AUTOMATION AND DELEGATION FOR WORKING MOMS - WHY YOU SHOULDN'T (AND CAN'T) BE THE ONLY ONE DOING IT ALL

 Modern Mommy Doc


PUBLICATION DATE:

Oct 14, 2021

AUTOMATION AND DELEGATION FOR WORKING MOMS - WHY YOU SHOULDN'T (AND CAN'T) BE THE ONLY ONE DOING IT ALL

 Modern Mommy Doc

CATEGORY: PODCAST EPISODES | #69

EPISODE TAKEAWAYS:

  • Working moms take on a disproportionate amount of mental load and unpaid labor in U.S. households
  • Understanding what holds us back from automating and delegating is the first step in making it a regular practice in our lives
  • Our partners are some of the most important people we need to learn to delegate to
  • Delegation gives us the freedom we need to pursue our Centered Vision and move from Conflicted to Centered


WHAT'S INSIDE:
 READ THE ENTIRE TRANSCRIPT BELOW


This episode is all about how to automate and how to delegate as a working mom. We're going to get to the heart of the issue, because I think a lot of efficiency or business experts talk about productivity, efficiency, automating, and delegating, kind of all in that same vein of finding trusted people that you can train and then handing things off to them and really letting it go to those people. I think that's really, really important. There was a situation really recently that I had to decide, "Hey, listen, I've got to delegate this task that is draining me every single time I do it and that I keep on like beating my head against a wall about." I will tell you more later on in the episode but that was much more like, "What am I doing? I'm wasting my time."
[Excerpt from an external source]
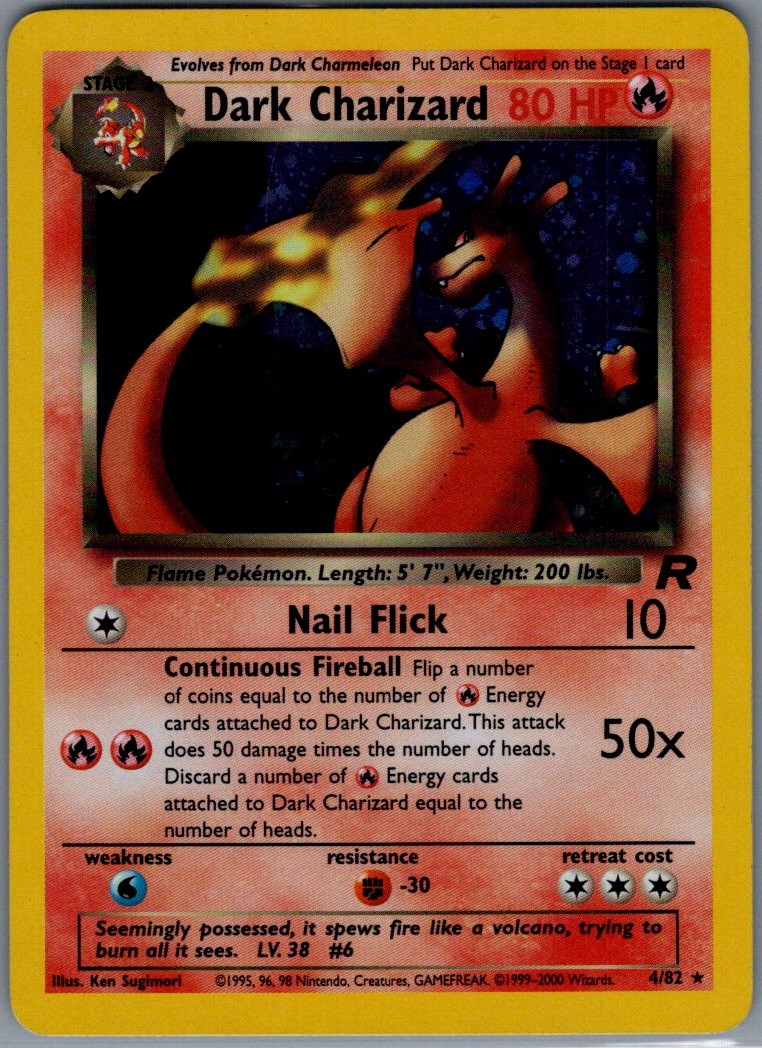 Dark Charizard (4) Holo Rare Unlimited Team Rocket 04/82 NM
There are a lot of other factors that also make it hard. Sometimes when we're trying to decide if we should delegate or not, we are resisting delegation. We don't want to be the kind of person that needs delegation and that can't do it all on their own. Or maybe you resist delegation because it's so dang difficult to get the other person on board who we want to delegate to (AKA our partners). If you have a male partner living in your home, and if your experience is similar to the way mine was for a very long time, maybe you have tried to delegate to that person, but it has been difficult to convince them to do it or to accept it or to create any type of sustainability. Or you end up feeling irritated that you're the one in the first place that has to delegate to them. Why is it that you're in charge of things? Why aren't they actually realizing on their own that there are tasks that need to happen? And so at the heart of delegation is sometimes a lot of resentment.


There was for me, and there is sometimes a lot of shame if we feel like we are the ones that can’t handle everything, and that we have to give it to somebody else in order for it to get done. And so those are the pieces that I want to focus on. 
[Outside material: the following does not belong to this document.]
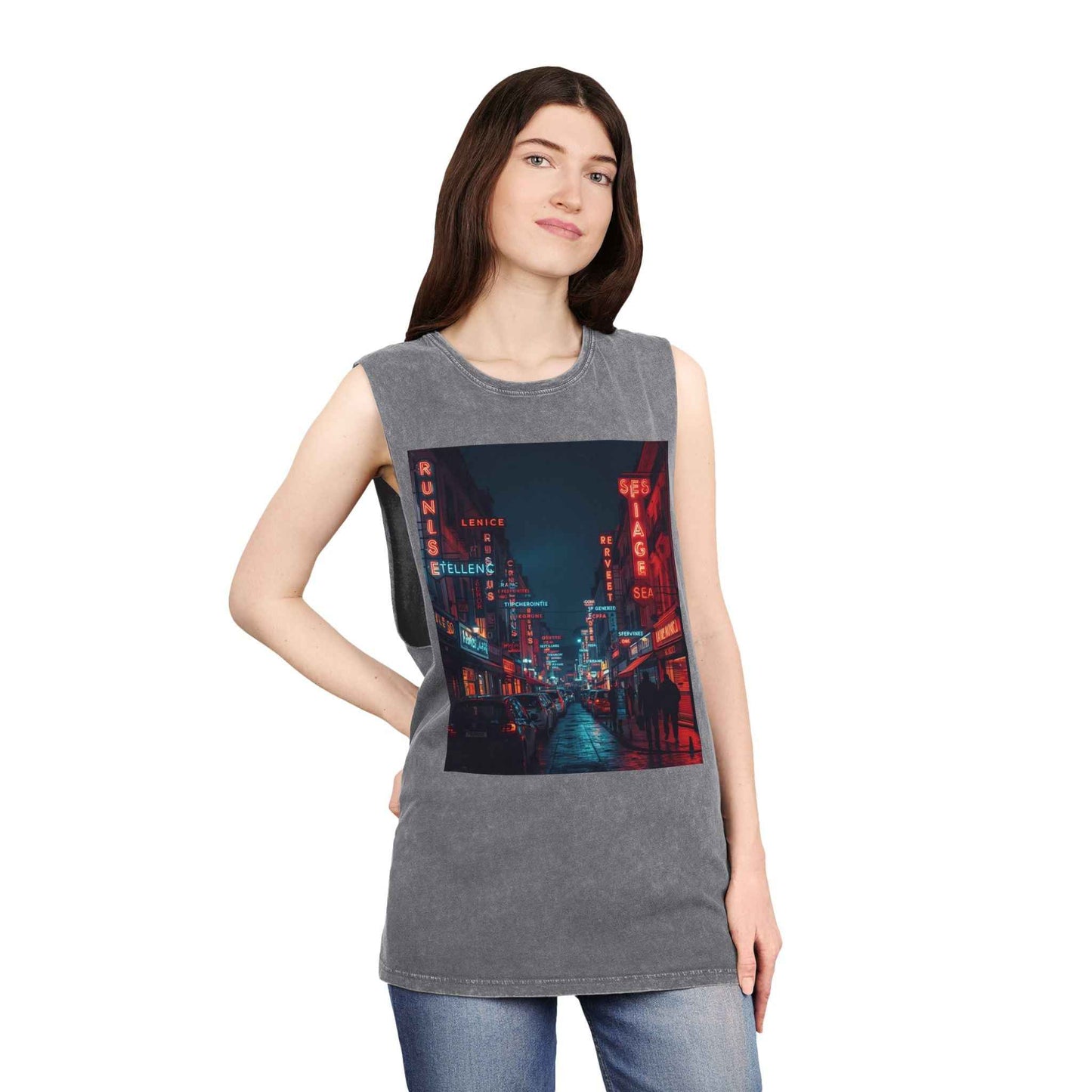 Neon French Cityscape Stonewash Tank Top With Retro Cyberpunk Night Street Print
If you have not already listened to our episode with Jancee Dunn, who wrote How Not to Hate Your Husband After Kids (a salacious title, but amazing book), it was a really great episode that we had super early on in the podcast — it's in the first six podcasts that we did). And if you have not listened to our episode Let's Talk About Sex After a Baby or a Few Kids, that one also is a great one for relationships. Finally, more recently we had Eve Rodsky, who is the author of Fair Play, who talked about an actual gamified way to divide up tasks and responsibilities within the home.


What I want to talk about today is this idea that a lot of moms come to me about, which is "How do I get my husband on board?" If you're not living in a relationship with a man, just like bear with me for a sec, because it's actually a a principle that works for every single human in a relationship or with kids, even, even if you're aren't in a heterosexual couple situation. But if you are living in a household with a man, it can feel really, really irritating that you are the one that has to read the books about how to share and create equity within a household, that you are the one who is listening to this podcast, that the other party seems to not even give a crap about all of this, that somehow even if you create a system by which you are delegating to other people, or you're creating more of a team, you are still the head of that team. That is annoying as all get out.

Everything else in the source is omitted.